Standard integrated circuits typically utilize two standard operating input voltage levels: a high input voltage level (V.sub.IH) and a low input voltage level (V.sub.IL). Both levels are set by industry standards, and no special consideration is given whether the circuit is powered with a regulated power supply with very tight tolerances or with an unregulated supply. For a typical dynamic random access memory (DRAM), the industry standard V.sub.Il and V.sub.IH values are -1.0 V to 0.8 V and 2.4 V to 6.5 V. Although DRAMs are typically powered by unregulated supplies having an output voltage that varies from 4.5 V to 5.5 V, compliance with the industry standard input voltage levels is still required.
Notwithstanding the standard power supply voltage range of 4.5-5.5 V, DRAMs of identical design are routinely expected to not only operate with a standard power supply voltage, but to operate with a 3.0 V power supply as well.
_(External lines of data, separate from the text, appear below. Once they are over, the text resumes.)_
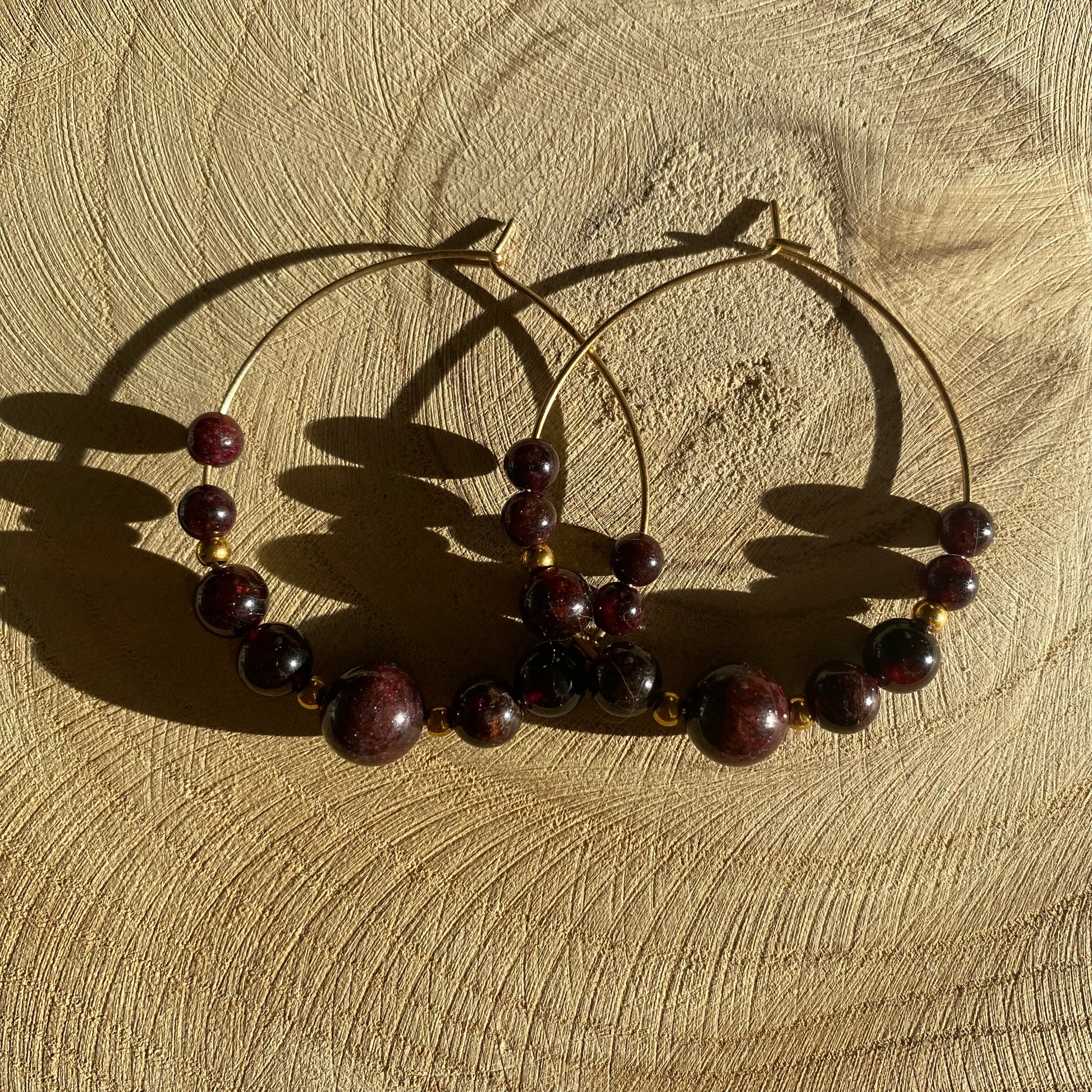 Boucles d'Oreilles Hestia | Personnalisables - Rheamethyste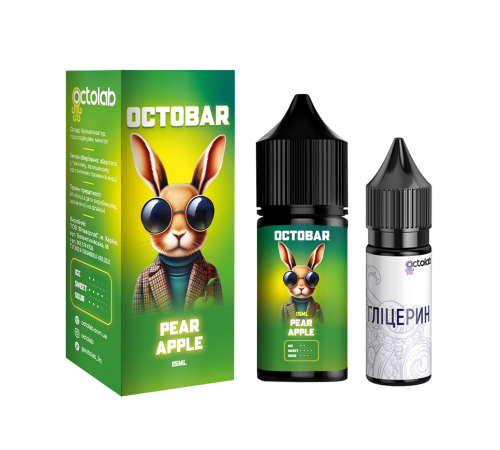 Набір Octobar NFT 30 мл Pear Apple (Груша Яблуко)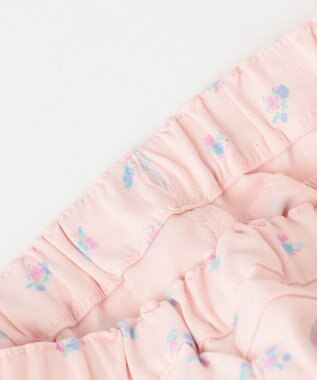 ANY KIDS 【洗濯機可能】ときめきストレッチ 総柄パンツ 花柄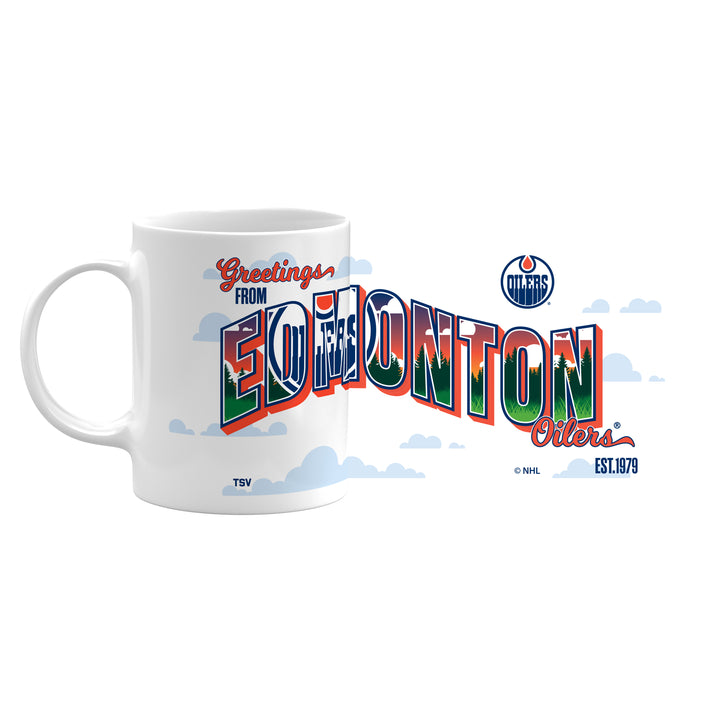 Edmonton Oilers Greetings From Edmonton 11 oz Sublimated Coffee Mug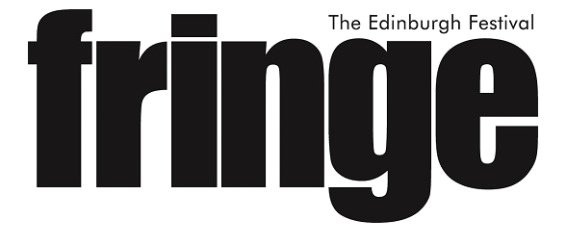 The logo for The Edinburgh Festival Fringe, featuring the word 'fringe' in large black letters with 'The Edinburgh Festival' in smaller text above it.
In addition, during qualification and testing, DRAMs are routinely subjected to much higher voltages than the 5.5 V standard maximum power supply specification. For example, during burn-in testing, the parts are subjected to a maximum power supply specification voltage of 7.5 V and elevated temperatures in order to accelerate the failure of functioning, but terminally-ill parts.
In order to select one of several test modes available on an integrated circuit such as a DRAM, a "super voltage" (i.e., one that is higher than any that the part will experience during any normal mode of operation) is applied at a designated input terminal. Heretofore, super voltage select circuits have been voltage dependent. In other words, the super voltage level that would trip the test mode was proportional to the power supply voltage applied to the part. Thus, the super voltage level for a part operating with a 3.0 V power supply voltage would be considerably lower than for the same part operating with a 7.5 V power supply voltage during burn-in. In the past, this has not presented a serious problem. However, as feature dimensions and film thicknesses in future generations of integrated circuits are reduced in the interest of increased circuit density and decreased power consumption, the super voltage level required to enter a test mode on a part operating with a 7.5 V power supply during burn-in testing may sufficiently high to cause breakdown of dielectric layers and unwanted source-to-drain "punchthrough" in circuitry that is exposed to the super voltage.
What is needed is a new super voltage detection circuit that is voltage independent. In such a circuit, the super voltage trip level will be constant and independent of the power supply voltage. Such a circuit will protect the device against damage which might be occasioned by entering a test mode when operating at high power supply voltage levels.